If using only ddrescue for cloning, I did prefer the Ubuntu Rescue Remix CD because ddrescue seemed to run faster, but I recently had it fail to boot properly when I was cloning a Linux drive. So I have now switched to the SystemRescueCD, which has a slightly newer version of ddrescue plus a nice GUI with terminal mode (for hdparm, ddrescue, etc), GParted, Midori browser and some other stuff. GParted seemed to have an issue copying a small FAT32 partition from one drive to another, but that's the only glitch I've seen so far. It's my new favorite rescue CD.


----------



## unitron (Apr 28, 2006)

If they have identical LBA numbers, I'd use 

ddrescue 

or 

dd_rescue

and bypass any need for the software to understand anything about the partioning.

Supersize is either turned on at present or it is not. If it is, it will be in the copy, and if it is not, it won't be in the copy.

Make the copy and test the copy in the TiVo.

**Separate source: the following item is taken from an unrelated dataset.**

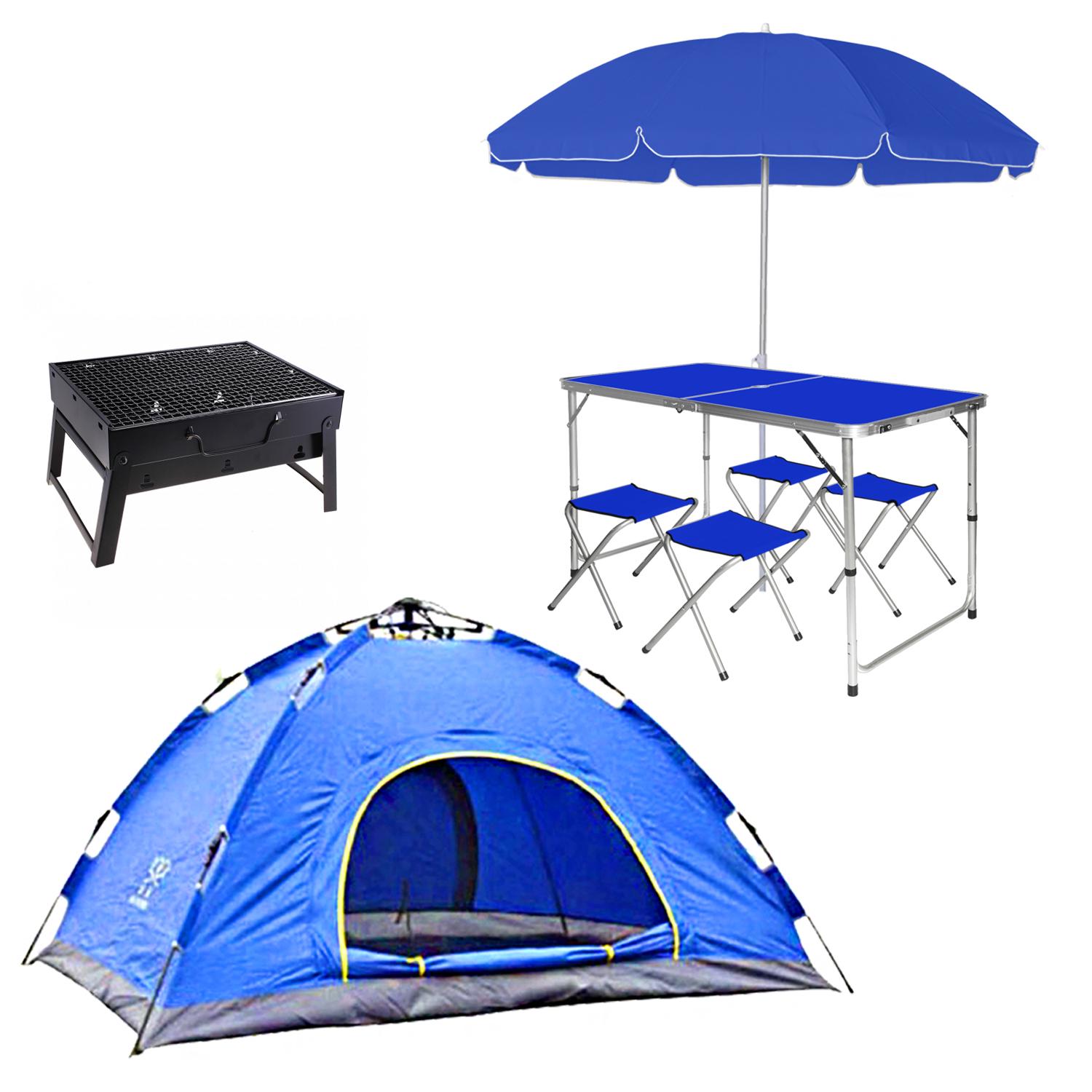 Комплект туристичний розкладний стіл зі стільцями у валізі/парасолька/намет/мангал Синій (4f860034)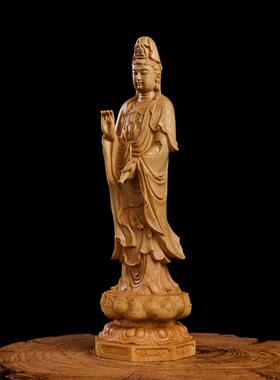 黄杨木雕刻释迦牟尼阿弥陀佛佛像摩诃德观音菩萨西三圣入口摆件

I'm not qualified to tell you whether to use a WD Red in a TiVo long term or not, but I think user nooneyouknow has opined on the subject somewhat extensively around here somewhere. Search his posts.


----------



## nooneuknow (Feb 5, 2011)

unitron said:


> I'm not qualified to tell you whether to use a WD Red in a TiVo long term or not, but I think user noone*you*know has opined on the subject somewhat extensively around here somewhere. Search his posts.


It's noone*u*know, for the record, to help assist those actually interested in my opinions, which I try to make based on facts, datasheets, and (the least amount of) marketing material. I also incorporate the least biased tech news and review sites I can find data from, like AnandTech.

Find posts by me with this: http://www.tivocommunity.com/tivo-vb/search.php?do=finduser&u=258633 Due to a few members who can't dislike me without being petty, or disagree peacefully, you'll have to dig for relevant posts, due to dilution of relevant material.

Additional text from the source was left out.